▸ What to do
Please restate each line of the data below exactly. Omit all images.

▸ The data
☆ ☆ ☆
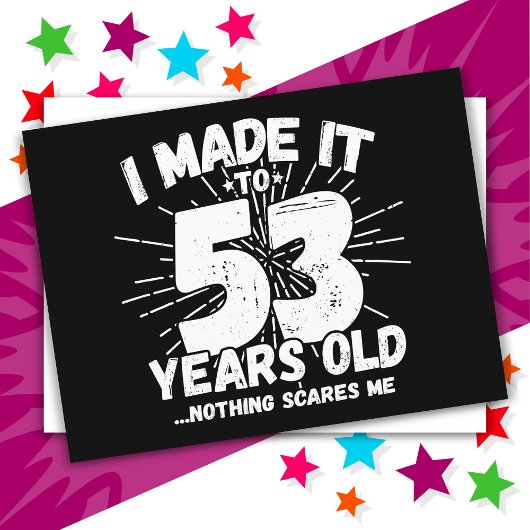 53 Jahre alt Sarcastic Meme Funny 53. Geburtstag Postkarte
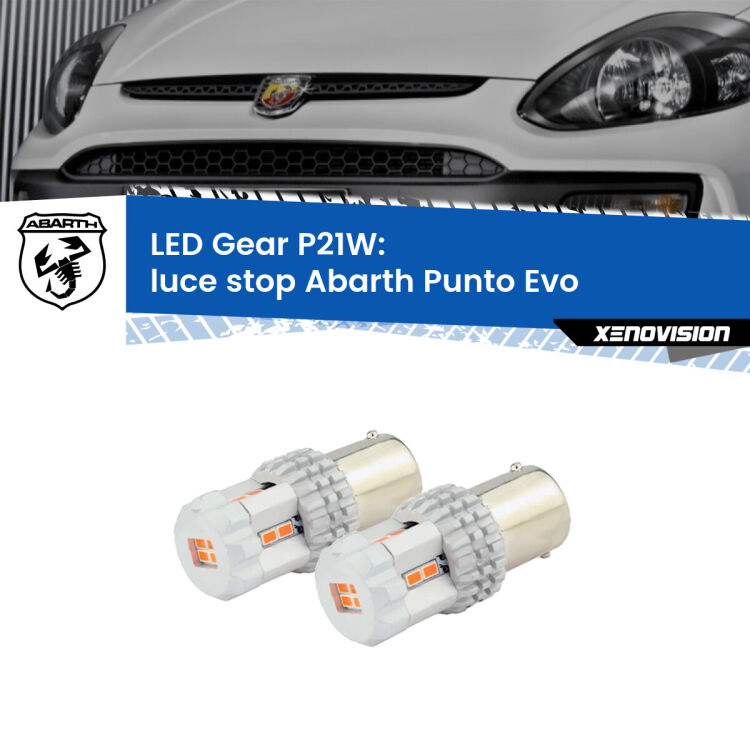 0 Luce Stop LED per Abarth Punto Evo 2010 - 2014: P21W Gear <p>Coppia <strong>LED P21W Rossi per </strong><strong>luce Stop</strong> <strong>Abarth</strong> <strong>Punto Evo </strong> 2010 - 2014: ultracompatti, illuminazione a 360 gradi e Canbus. Qualità Massima.</p>
<div> </div>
☆ ☆ ☆
▸ Task result
 53 Jahre alt Sarcastic Meme Funny 53. Geburtstag Postkarte
 0 Luce Stop LED per Abarth Punto Evo 2010 - 2014: P21W Gear <p>Coppia <strong>LED P21W Rossi per </strong><strong>luce Stop</strong> <strong>Abarth</strong> <strong>Punto Evo </strong> 2010 - 2014: ultracompatti, illuminazione a 360 gradi e Canbus. Qualità Massima.</p>
<div> </div>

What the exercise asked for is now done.